Each of the pieces I've described (PDS, Relay, AppView) implement the protocol specified at https://atproto.com/. Anything that acts as an ATProto PDS can be used as an ATProto PDS, anything that acts as an ATProto Relay can be used as an ATProto Relay, and so on. I'm not sure I understand the question so pardon the tautology.

The structure allows federation by design — a Relay will index any PDS that asks to be indexed; an AppView can choose the Relay it wants to get the data from (or skip a Relay completely and index PDS's directly); anyone can make their own AppView for an existing or a new app. That's how there are multiple AppViews (both for Bluesky app and for other ATProto apps) ingesting data via multiple Relays from many PDS's. There aren't many independent operators of each piece (especially outside of PDS self-hosting) but nothing is privileging Bluesky's infra.

Additionally, Bluesky's reference implementations of each piece are open source. So people run them the same way you would usually run software -- by putting it on a computer and exposing it to the internet. To run a custom PDS, you can either use the Docker container provided by Bluesky (https://github.com/bluesky-social/pds) or implement your own (e.g. https://github.com/blacksky-algorithms/rsky). Ditto for other pieces.

>Reading through it, it just sounds like sharding/scaling for a centralized service that's meant to be owned and provided by a single entity.

You're right in that the goal is to make it on par with centralized services in terms of UX and performance/scaling. However, it is decentralized.

The picture at the end of this article might help: https://atproto.com/articles/atproto-for-distsys-engineers

HexDecOctBin · 2025-08-30T23:50:19 1756597819

I think what they are asking is: if I run a my own BlueSky AppView, how do I integrate with the bluesky.app so that users signed in on my AppView can interact with users on the the main AppView and vice versa? This is how most of us think about federalisation.

danabramov · 2025-08-30T23:57:42 1756598262

That's already the default behavior. You don't need to do anything special for that to work, it's what ATProto is designed for. Everything is always operating in a shared space by design.

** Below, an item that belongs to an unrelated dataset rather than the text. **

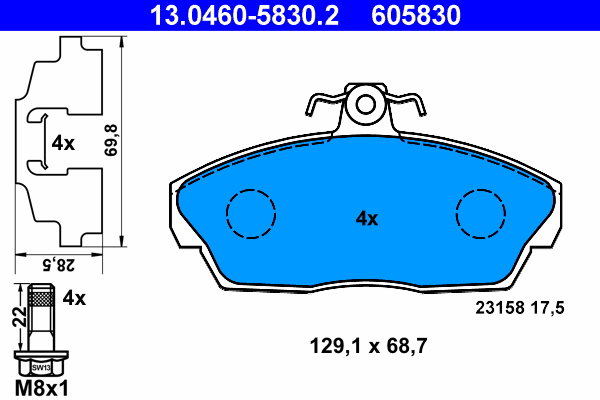 ATE 605830 Sada brzdových destiček 13.0460-5830.2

When people "post", their posts go to their PDS's, which means that every AppView ingests data generated by every other AppView by default. There is no way to tell who's using which AppView — in fact, you can log into any AppView and your profile will be there with all your posts.

OneDeuxTriSeiGo · 2025-08-31T09:45:46 1756633546

An appview is really just a service for hydrating content in the skeleton of posts that feeds return back to give to the user.

The only things they do other than feed hydration are track notifications, (optionally) provide a search engine, (optionally) provide a CDN, and (temporarily until E2EE rolls out) handle DMs.

So you can actually do things like the Red Dwarf [1] project which is a bluesky client without an appview. It's slower, you visibly notice request loading/pop-in, there's no notifications, and no search but it works with any other bluesky appview (since appviews are basically a lens into atproto rather than an independent service).

--------

If you wanted to run your own infrastructure, instead you'd probably want to run your own PDS. Running an appview has its benefits of course but the main way you "self host" is to run a PDS. That's fairly trivial and people have run them on all kinds of constrained hardware (including a literal jailbroken microwave if I remember correctly).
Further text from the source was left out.